* _Data records_:

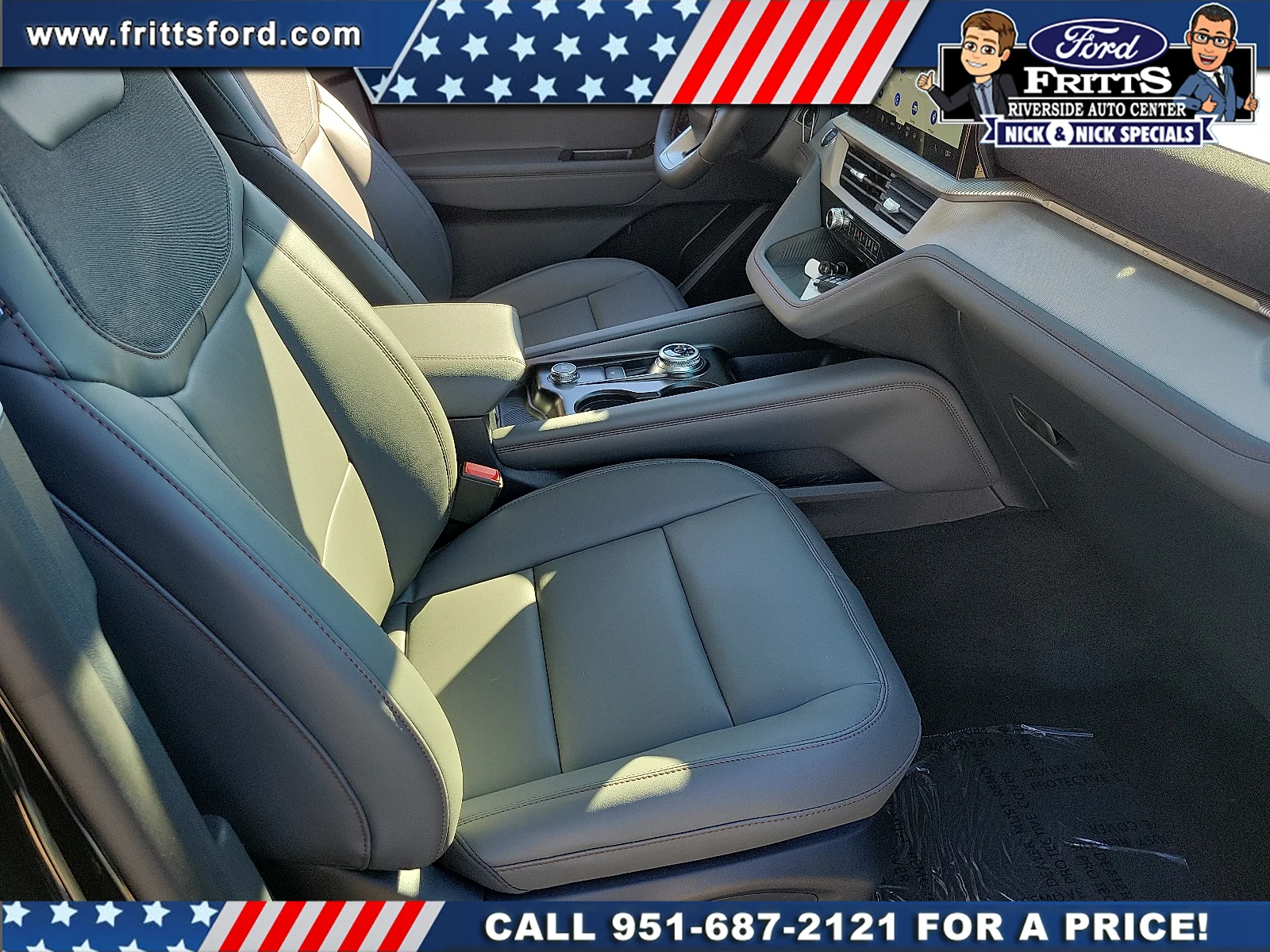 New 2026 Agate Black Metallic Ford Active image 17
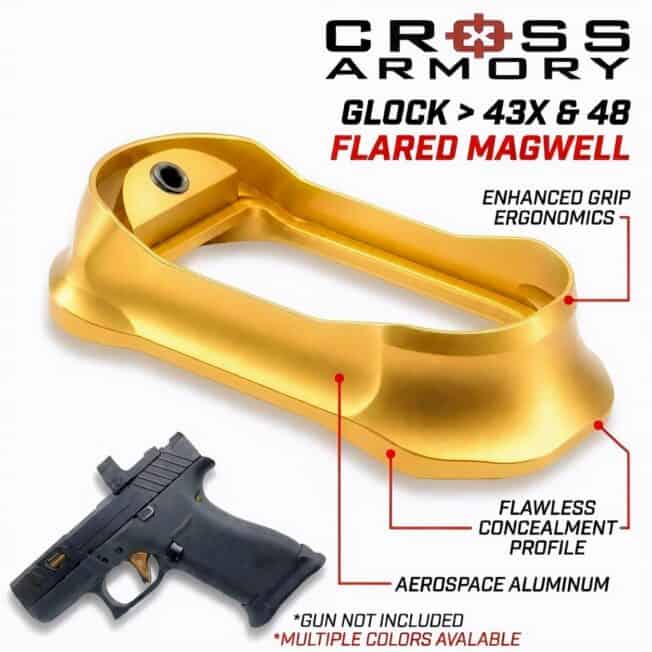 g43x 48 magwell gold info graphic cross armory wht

...

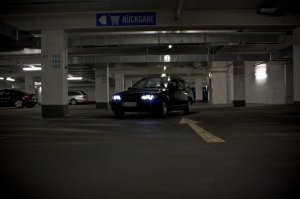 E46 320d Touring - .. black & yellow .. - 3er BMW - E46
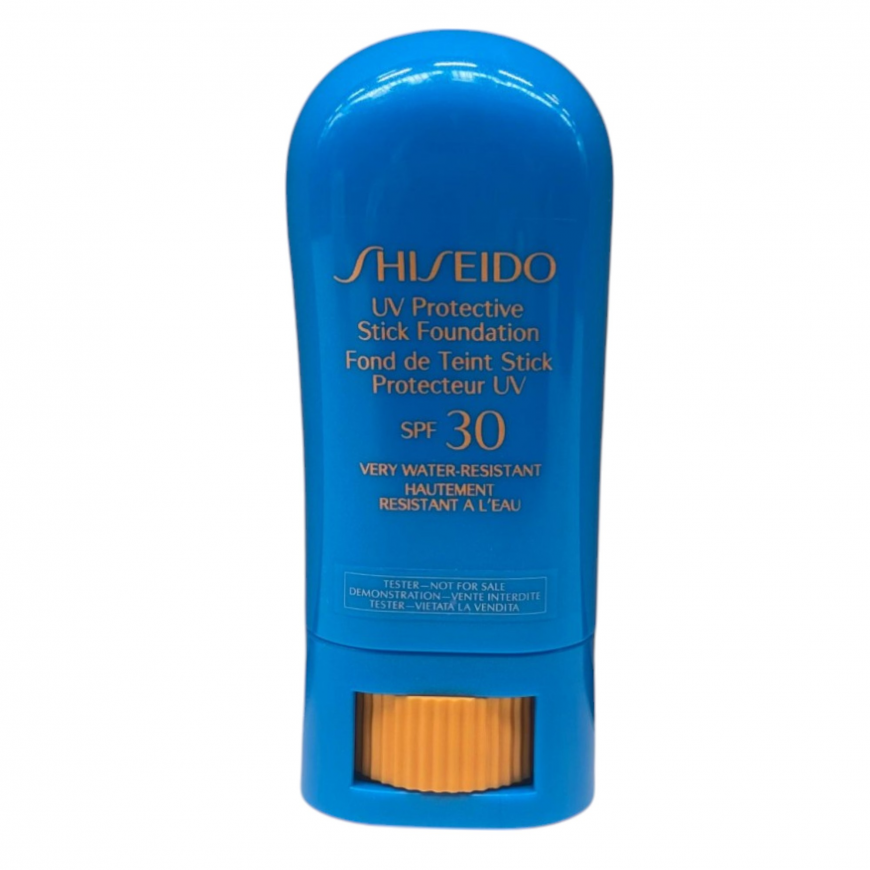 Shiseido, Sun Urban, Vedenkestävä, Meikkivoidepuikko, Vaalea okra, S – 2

* _Problem_: Within the listing above, the stretch from the line with "New 2026 Agate" down to the line with "g43x 48 magwell" is to be given again exactly, end lines included and pictures excluded.

* _Result for this exercise_:
 New 2026 Agate Black Metallic Ford Active image 17
 g43x 48 magwell gold info graphic cross armory wht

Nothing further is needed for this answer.